Ainsi, après les retards enregistrés par les négociations en cours à cause des élections à la Commission de l’Union européenne et aux Etats-Unis avec les changements que l’on sait, faut-il attendre que le nouveau Directeur Général de l’OMC, qui sera élu au début de l’été, prenne fonction le 1er septembre 2005, avant que le processus ne se mette réellement en mouvement. Pourtant les Africains disposent encore de deux autres options, qui sont toutes les deux fortement complémentaires aux longues négociations en cours, pour sauver et revigorer l’ensemble de la filière cotonnière .

- Emboîter le pas au Brésil qui est en train de réussir son pari, et se présenter devant l’Organe de règlement des différends avec une plainte en bonne et due forme contre les pays qui étouffent la filière cotonnière en abusant des subventions. Cette procédure dure seulement douze mois, s’il n’y a pas d’appel, et quatorze mois en cas d’appel, comme c’était jusqu’à très récemment le cas du Brésil contre les Etats-Unis. Le plaignant a remporté la première manche, et la condamnation des Etats-Unis a été confirmée à l’OMC, le jeudi 3 mars 2005.

Si cette option est prise, les Africains qui craignent de ne pas avoir toute l’expertise nécessaire pour affronter l’Europe et les Etats-Unis d’Amérique, peuvent bénéficier de l’appui du Centre Consultatif sur la Législation de l’OMC, dont la mise en place a été décidée à Seattle lors de la troisième Conférence ministérielle de l’OMC. C’est leur droit, et en temps que membre, les pays africains doivent l’exercer collectivement au lieu de continuer à subir des pressions éparses.

- L’autre option est celle de la transformation locale du coton, notamment au niveau sous-régional.

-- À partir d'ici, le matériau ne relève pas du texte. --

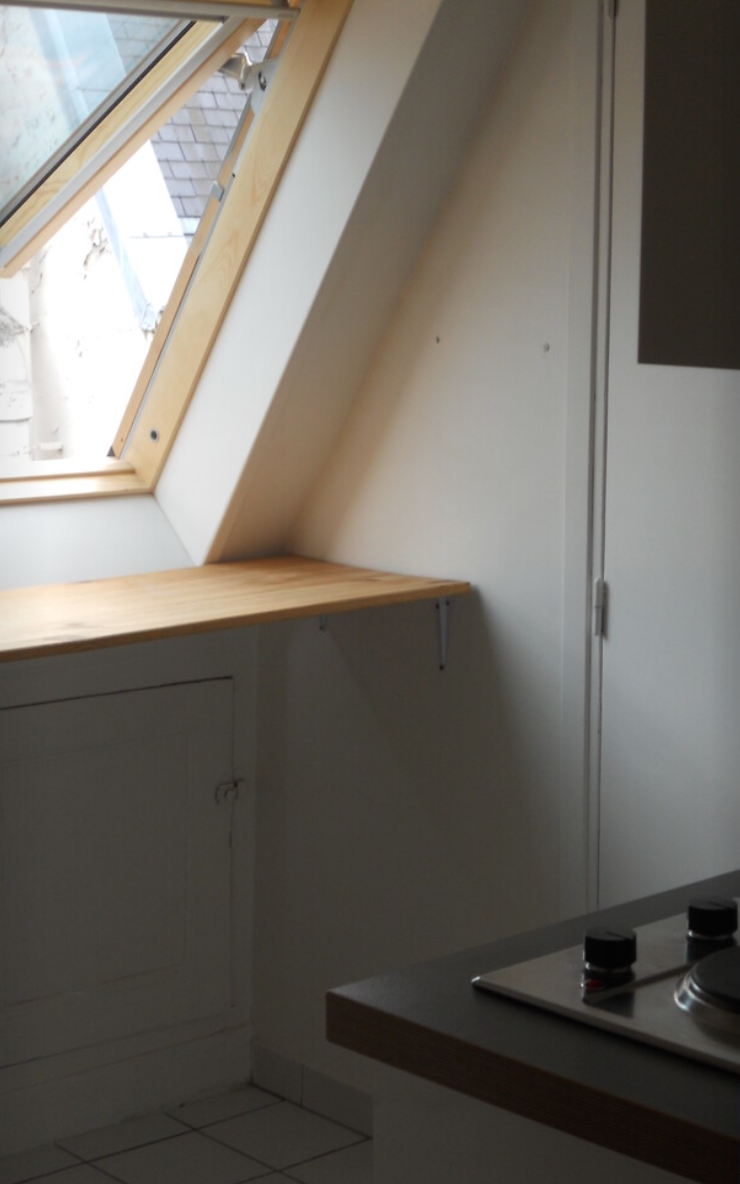 PARIS 8e·14m²·studio·No furniture·Long-term only[Paris Rental]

Tout le monde est convaincu que c’est la voie royale pour sauver la filière du coton, et réaliser le développement durable en créant des emplois, des revenus, de l’innovation, et surtout de la croissance partagée.

Une étude de la Banque Ouest-Africaine de Développement (BOAD) et du Centre du Développement des Entreprises (CDE) atteste que la transformation locale de 25% de production totale dans la zone de l’Union Economique et Monétaire Ouest Africaine (UEMOA), créera 50 000 emplois d’ici l’an 2010, et fera passer la part du coton dans le PIB de 7,5 à 25 %. Ce qui constitue une énorme contribution à la lutte contre la pauvreté dans ces pays, qui actuellement ne consomment seulement que 5% de leurs productions totales, les 95% étant exportés à l’état brut.

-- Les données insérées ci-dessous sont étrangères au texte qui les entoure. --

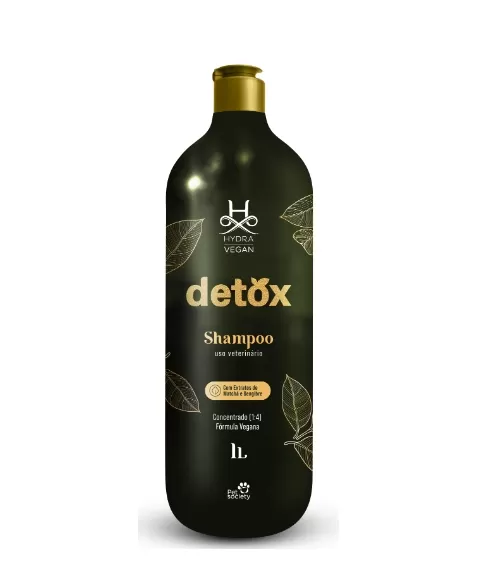 HYDRA VEGAN SHAMPOO 1 4 DETOX 1L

Pour ce faire, le renforcement des capacités productives des pays africains devient une urgence, si l’on veut réduire leur dépendance par rapport aux produits de base et surtout faciliter leur insertion dans cette économie mondialisée. Dans cette optique, un produit comme le coton ne doit plus être considéré comme une variable d’ajustement en Afrique, et les préférences ne peuvent plus concerner uniquement le commerce, mais aussi les capacités productives. L’Afrique doit accroître la compétitivité de ses produits au niveau sectoriel afin d’accéder aux marchés régionaux et internationaux.

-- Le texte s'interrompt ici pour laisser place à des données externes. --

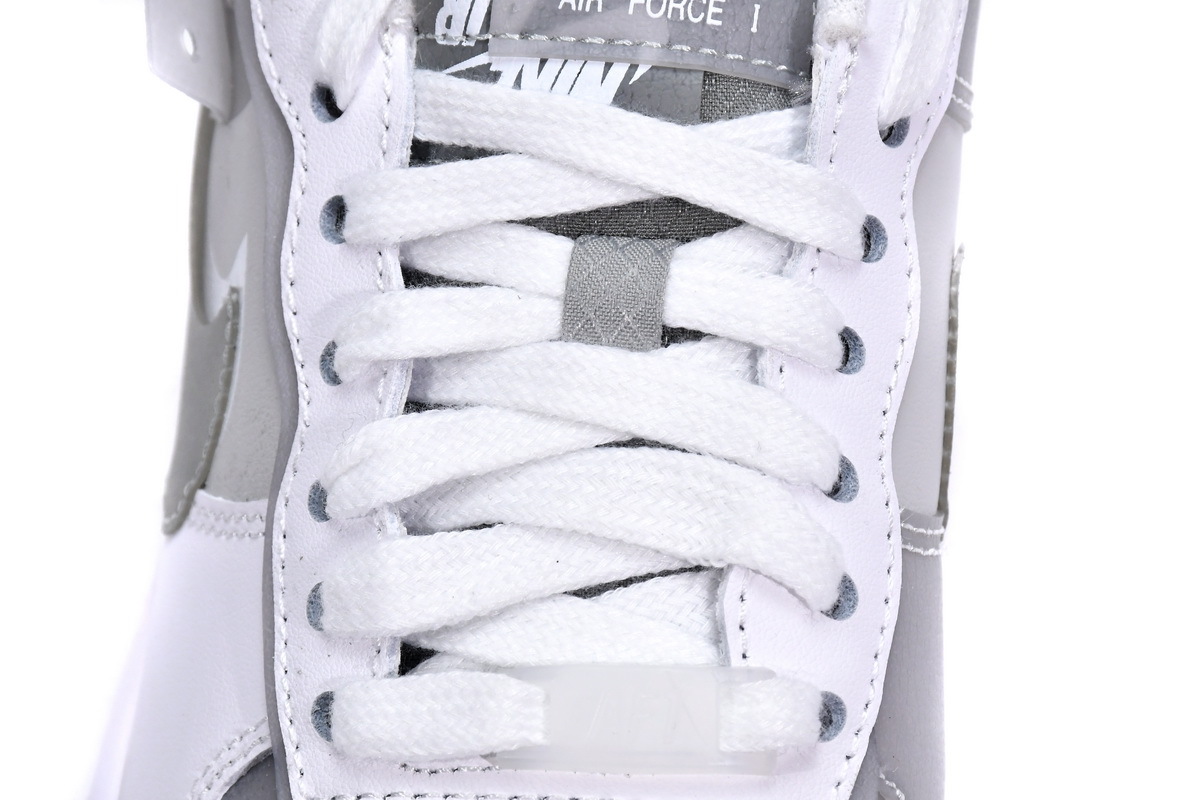 POP DUNK SB Low Air Force 1 Shadow White Grey, CK6561-100 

Cela ne peut que soutenir une accélération de l’intégration régionale et sectorielle en Afrique. Dans cette perspective, une institution spécialisée des Nations unies comme l’Organisation des Nations unies pour le Développement Industriel (ONUDI), en partenariat renforcé avec le secteur privé, les autres agences de développement et les institutions régionales et internationales de financement du développement, répondrait pleinement à son mandat, si elle faisait de l’initiative du renforcement des capacités productives de l’ Afrique, le cadre général de l’effort d’industrialisation du Continent.

L’initiative, rappelons-le, est un programme d’ensemble, adopté par la troisième Conférence des Chefs d’Etat et de gouvernement de l’Union Africaine, le 7 juillet 2004 à Addis Abéba, comme une composante du Nouveau Partenariat pour le Développement de l’Afrique (NEPAD).

Elle vise à développer les chaînes de valeurs, comme celle du coton, du textile et de l’habillement, à partir des potentialités et des compétences des partenaires organisés pour promouvoir la capacité productive en priorité aux niveaux national, sous-régional et sectoriel. Comme le NEPAD le prône, il est temps que les Africains acceptent de se prendre véritablement en charge, en produisant en qualité et en quantité suffisante pour leur propre marché, puis pour affronter la compétition sur les marchés internationaux.

Le moment est venu de tourner la page sur la période où le rôle de l’ Afrique se limite à servir de réservoir de matières premières et de marché facile pour les autres. Un partenariat revisité au service d’une mondialisation à visage humain, et une réduction de la dépendance des pays en développement vis-à-vis des matières premières non transformées, pourraient voir le jour au niveau d’une conférence mondiale dépassant le cadre de l’OMC.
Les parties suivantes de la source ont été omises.